**GOAL OF THE EXERCISE:** The answer must be every line below that holds the word "Black".

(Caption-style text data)
== == ==

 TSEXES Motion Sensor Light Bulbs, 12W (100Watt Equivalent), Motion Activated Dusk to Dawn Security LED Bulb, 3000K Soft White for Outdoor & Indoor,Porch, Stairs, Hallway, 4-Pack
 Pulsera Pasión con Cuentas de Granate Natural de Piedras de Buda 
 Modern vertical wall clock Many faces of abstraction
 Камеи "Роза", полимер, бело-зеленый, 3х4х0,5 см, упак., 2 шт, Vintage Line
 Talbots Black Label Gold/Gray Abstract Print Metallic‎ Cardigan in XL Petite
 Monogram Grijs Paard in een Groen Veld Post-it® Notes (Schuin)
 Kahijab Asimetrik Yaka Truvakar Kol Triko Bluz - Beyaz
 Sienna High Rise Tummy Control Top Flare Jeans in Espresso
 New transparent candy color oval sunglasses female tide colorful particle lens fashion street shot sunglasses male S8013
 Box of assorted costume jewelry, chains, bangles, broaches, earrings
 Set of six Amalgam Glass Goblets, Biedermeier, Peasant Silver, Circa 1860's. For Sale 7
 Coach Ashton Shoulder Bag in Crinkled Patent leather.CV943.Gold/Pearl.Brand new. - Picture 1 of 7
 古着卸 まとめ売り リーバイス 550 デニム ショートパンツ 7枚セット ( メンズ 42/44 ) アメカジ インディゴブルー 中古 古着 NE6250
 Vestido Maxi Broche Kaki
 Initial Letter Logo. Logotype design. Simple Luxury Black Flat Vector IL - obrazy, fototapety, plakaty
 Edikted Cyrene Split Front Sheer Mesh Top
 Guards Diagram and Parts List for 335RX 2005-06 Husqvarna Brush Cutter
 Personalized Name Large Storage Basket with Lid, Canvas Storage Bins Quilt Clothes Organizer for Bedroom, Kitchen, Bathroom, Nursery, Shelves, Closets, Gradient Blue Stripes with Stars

== == ==

**TASK ANSWER:**
 Talbots Black Label Gold/Gray Abstract Print Metallic‎ Cardigan in XL Petite
 Initial Letter Logo. Logotype design. Simple Luxury Black Flat Vector IL - obrazy, fototapety, plakaty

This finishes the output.